* _Provided data_:
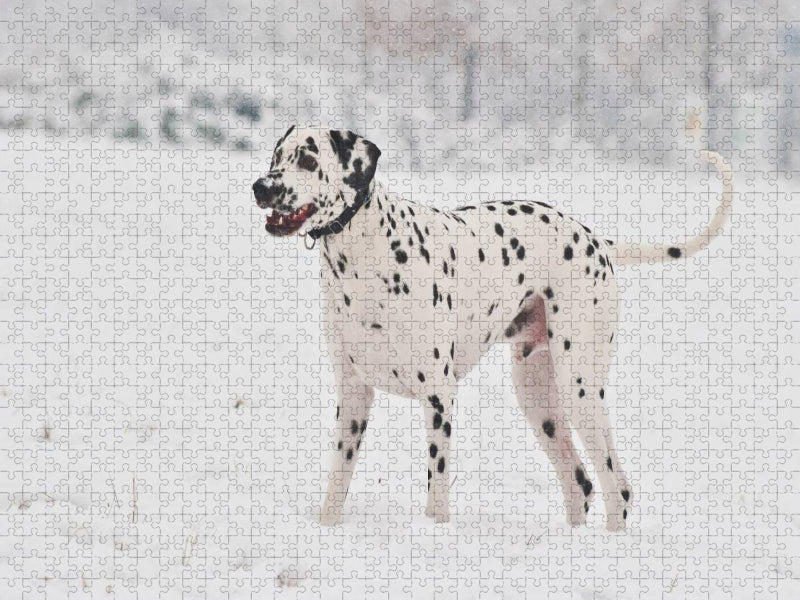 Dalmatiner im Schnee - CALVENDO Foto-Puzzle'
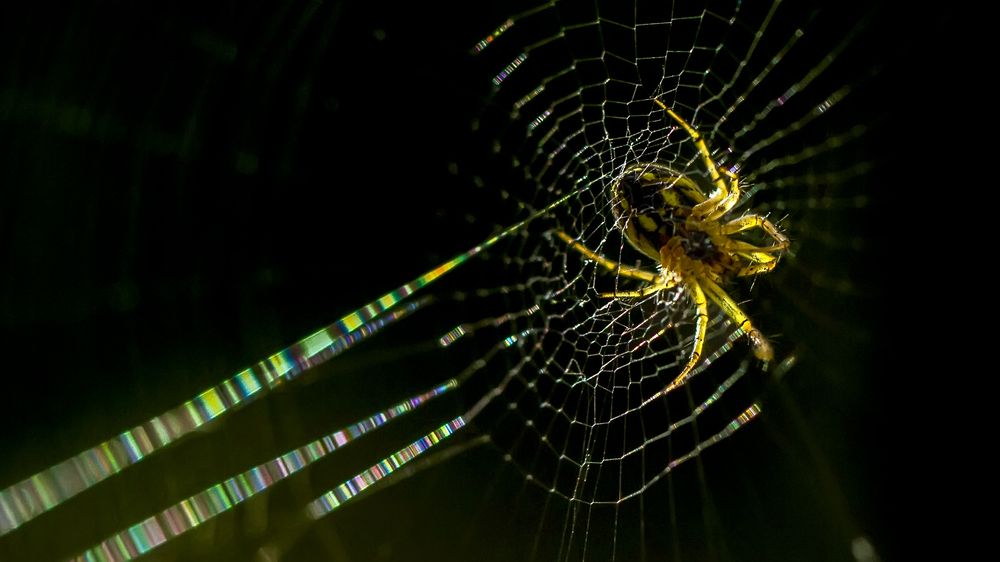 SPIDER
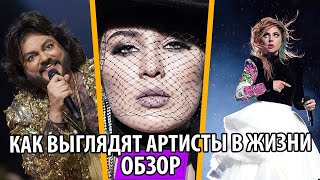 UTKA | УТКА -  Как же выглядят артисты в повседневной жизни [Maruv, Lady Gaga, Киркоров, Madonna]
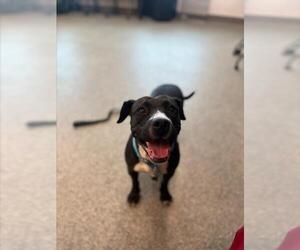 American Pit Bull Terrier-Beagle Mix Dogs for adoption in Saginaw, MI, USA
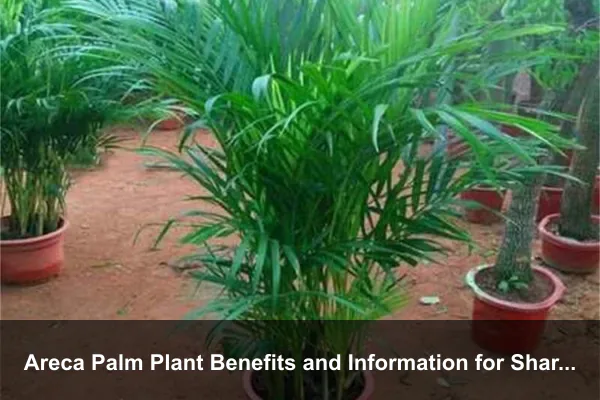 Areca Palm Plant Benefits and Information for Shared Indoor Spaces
* * *
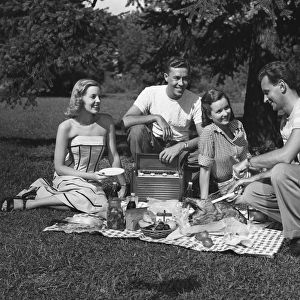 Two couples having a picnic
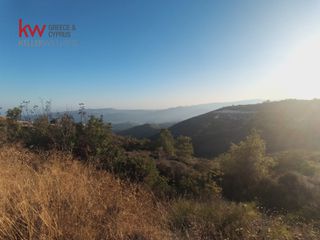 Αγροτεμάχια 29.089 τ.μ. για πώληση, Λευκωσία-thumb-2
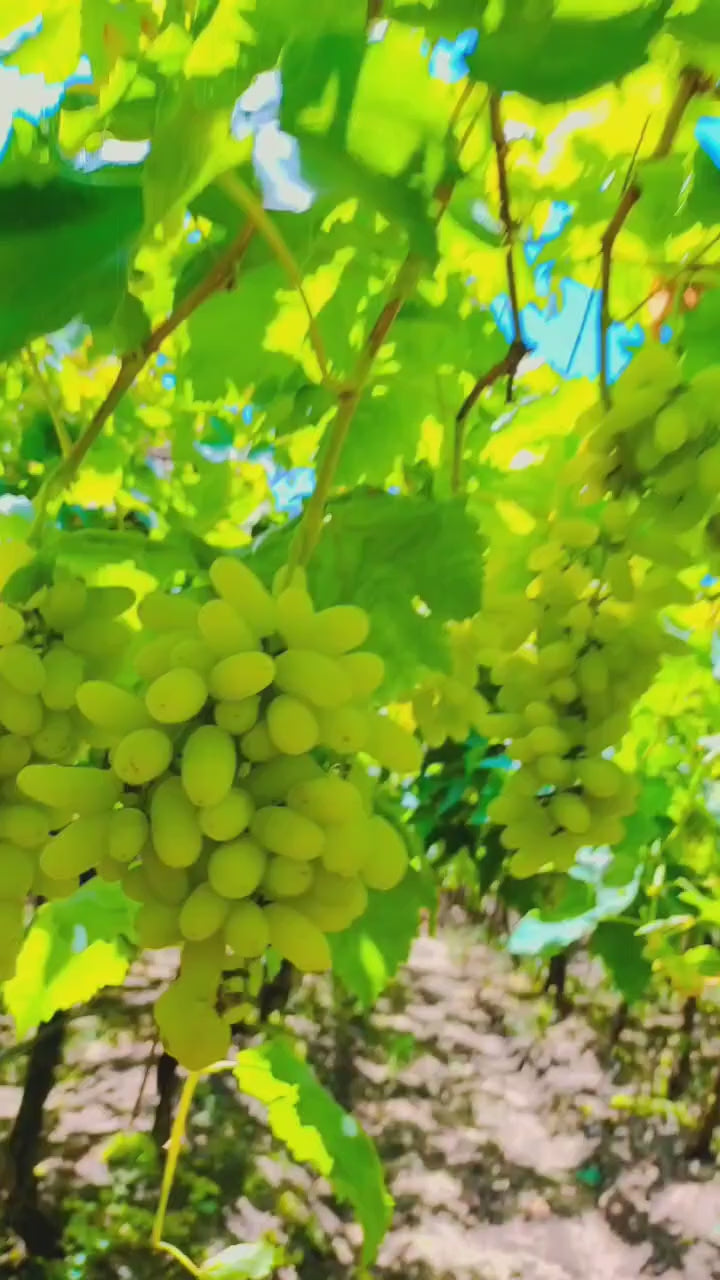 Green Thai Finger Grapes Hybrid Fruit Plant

* _Task requirements_: Above are entries with pictures among them. Write out exactly the lines from the one containing "UTKA | УТКА" through the one containing "Areca Palm Plant", ends included, and leave those pictures out.

* _Response to this exercise_:
 UTKA | УТКА -  Как же выглядят артисты в повседневной жизни [Maruv, Lady Gaga, Киркоров, Madonna]
 American Pit Bull Terrier-Beagle Mix Dogs for adoption in Saginaw, MI, USA
 Areca Palm Plant Benefits and Information for Shared Indoor Spaces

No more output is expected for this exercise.